Ce constat ne conduit pas à rejeter les accomplissements qui ont permis l’augmentation de l’espérance de vie, l’amélioration de la santé publique, l’augmentation globale du niveau d’éducation, la réduction de la pauvreté et le confort matériel dont bénéficie – malgré les inégalités impressionnantes – une partie très importante et croissante de l’espèce humaine.

Mais le point de départ des recherches sur les risques existentiels est l’écart entre le pouvoir que nous accumulons pour transformer le monde qui nous entoure et la précarité de la sagesse, de la prudence et des instruments politiques pour gérer ce pouvoir. L’augmentation spectaculaire de notre mobilité et la densité des agglomérations dans lesquelles nous vivons amplifient ces risques, comme le montre clairement l’épidémie de Covid-19. Et bien que nous vivions plus longtemps et mieux que jamais, nos risques existentiels sont en train d’augmenter.

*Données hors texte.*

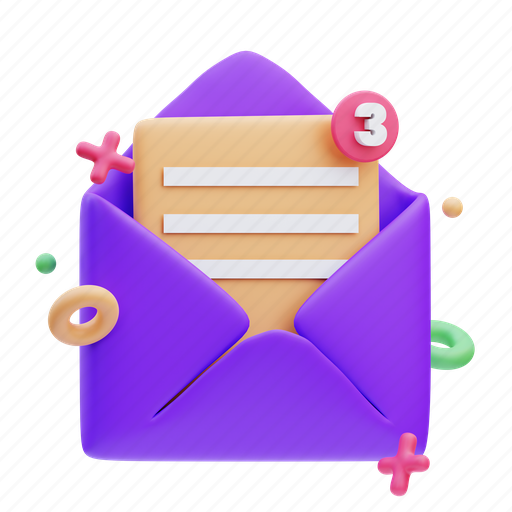 Email, mail, business, web, object, style, modern 3D illustration - Download on Iconfinder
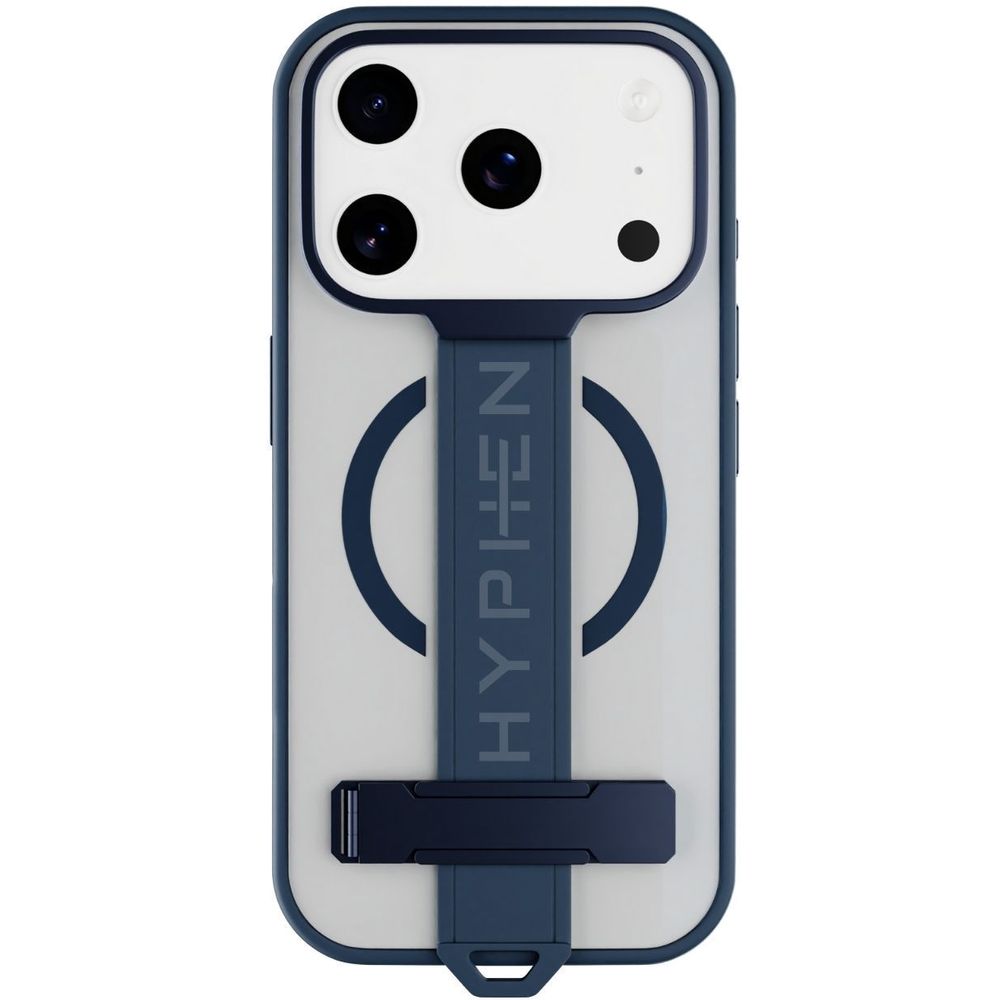 HYPHEN FLEX Grip & Stand MagSafe Case - Indigo - iPhone 17 Pro - 6.3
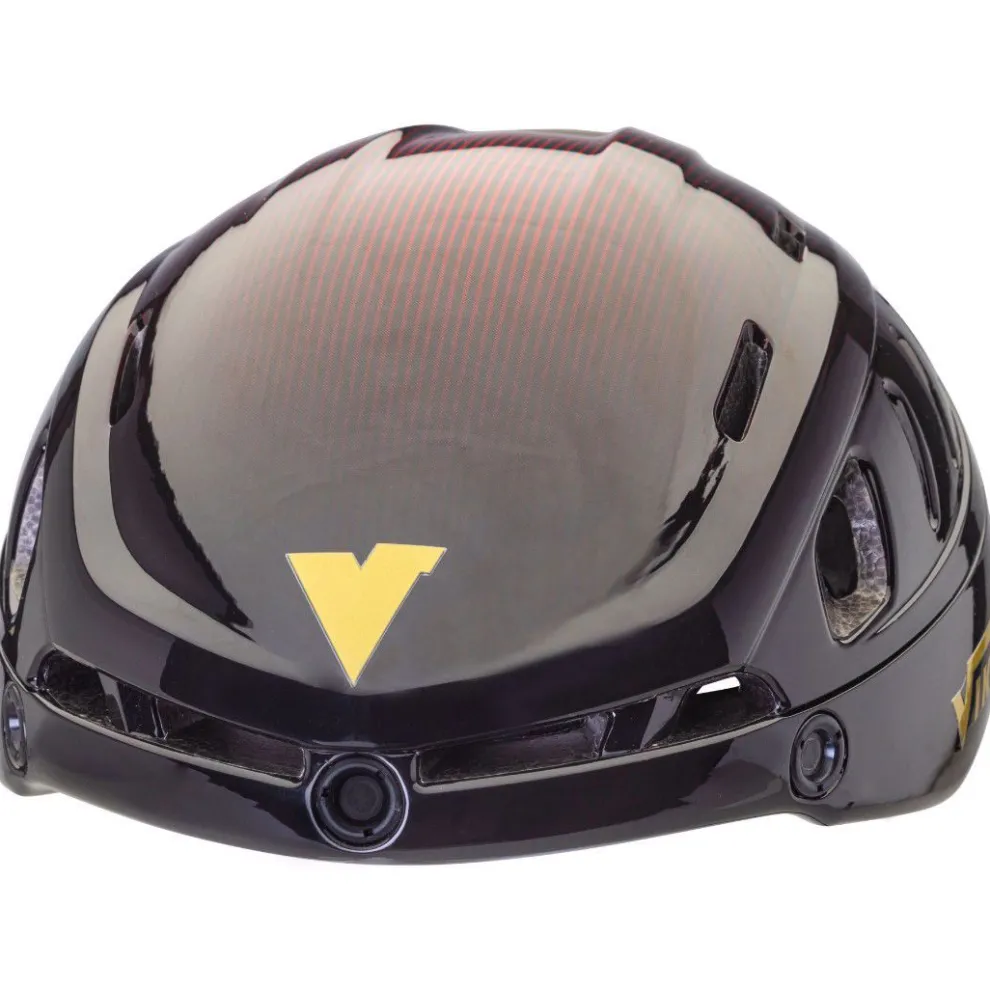 Viking Sparrow schaatshelm zwart/rood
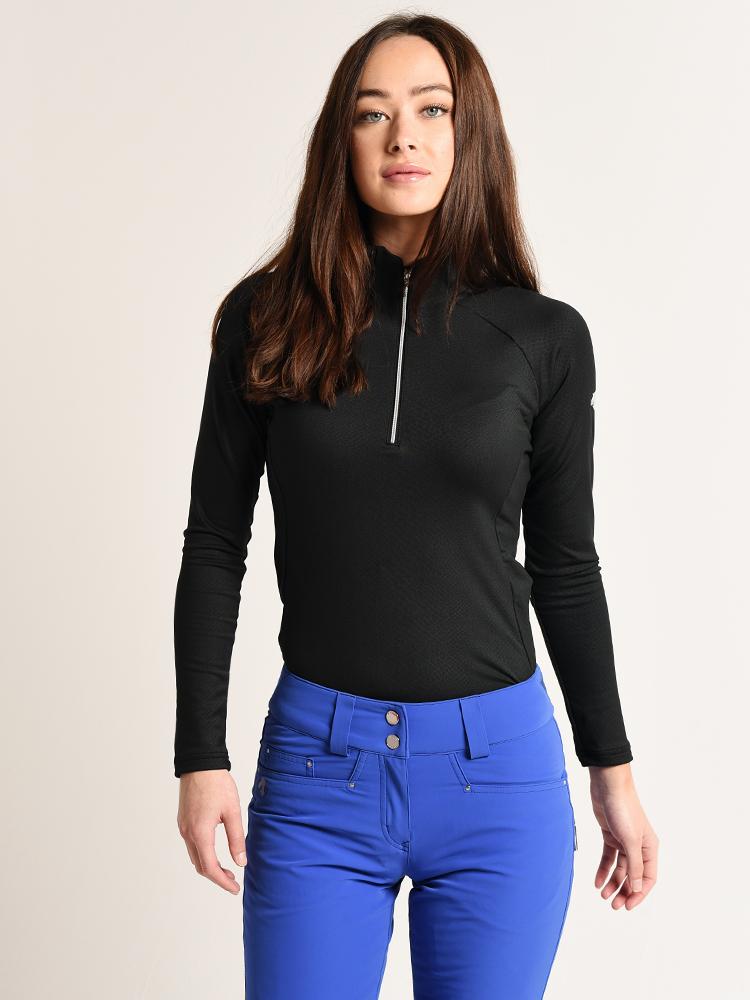 Descente Women's Gabby Baselayer T-Neck - Saint Bernard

Risques globaux, réponse globale

Il existe quatre risques existentiels particulièrement importants étudiés par les experts : la guerre nucléaire, la crise climatique, l’avancée de l’intelligence artificielle et les menaces biologiques. Et, bien sûr, ce qui est le plus préoccupant de nos jours, ce sont les "risques biologiques catastrophiques mondiaux". Sur ce sujet, le livre de Toby Ord fait un panorama particulièrement contradictoire sur ces risques. Aujourd’hui, nous comprenons les maladies qui nous touchent, et ce qui n’était pas le cas il y a deux cents ans. Nous disposons d’antibiotiques, de vaccins, nous sommes capables d’organiser des quarantaines, et les systèmes de santé, malgré toutes leurs lacunes, n’ont jamais été aussi étendus et efficaces. Bien entendu, cela ne nous débarrasse pas des risques biologiques comme celui que nous connaissons actuellement, mais ce qui inquiète le plus les chercheurs, c’est la possibilité croissante que les pandémies soient le résultat de la recherche elle-même, que ce soit par accident, par des fuites ou intentionnellement. Ainsi, en 2014, quarante-cinq litres d’un réservoir où un grand pharmacien stockait le virus de la polio sont accidentellement tombés dans une rivière belge, et, en 2005, trois rats infectés par la peste bubonique ont été perdus et n’ont jamais été retrouvés à la New Jersey School of Medicine and Dentistry.

Par ailleurs, la démocratisation de la biotechnologie et la baisse des coûts des techniques qui permettent la manipulation de l’ADN sont des avancées scientifiques remarquables, mais cela ouvre des dangers sans précédent, parmi lesquels se distinguent ceux d’une guerre biologique et la possibilité d’une contamination massive et intentionnelle par des agents pathogènes créés en laboratoire.

Le problème, explique Toby Ord, n’est pas l’excès de technologie mais le manque de raison. En pratique, la base de cette sagesse repose sur un élément décisif mis en avant par Yuval Noah Harari dans un article paru tout récemment (lien vers un article en anglais) : il est essentiel de renforcer le multilatéralisme démocratique et la coopération internationale afin qu’un plan global puisse être formulé pour faire face aux quatre risques existentiels qui menacent l’espèce humaine. La rhétorique nationaliste qui marque les gouvernements d’extrême droite du monde actuel ouvre la voie à des solutions inefficaces et destructrices concernant chacune de ces menaces. Mais il est impossible de répondre nationalement à des menaces qui, comme le nouveau coronavirus, sont globales. Cependant, le multilatéralisme démocratique présuppose que les dirigeants politiques et l’élite économique respectent l’activité scientifique, cultivent un dialogue sérieux et fassent en sorte que le bon sens, l’équilibre et la solidarité guident le pouvoir croissant de l’intelligence humaine.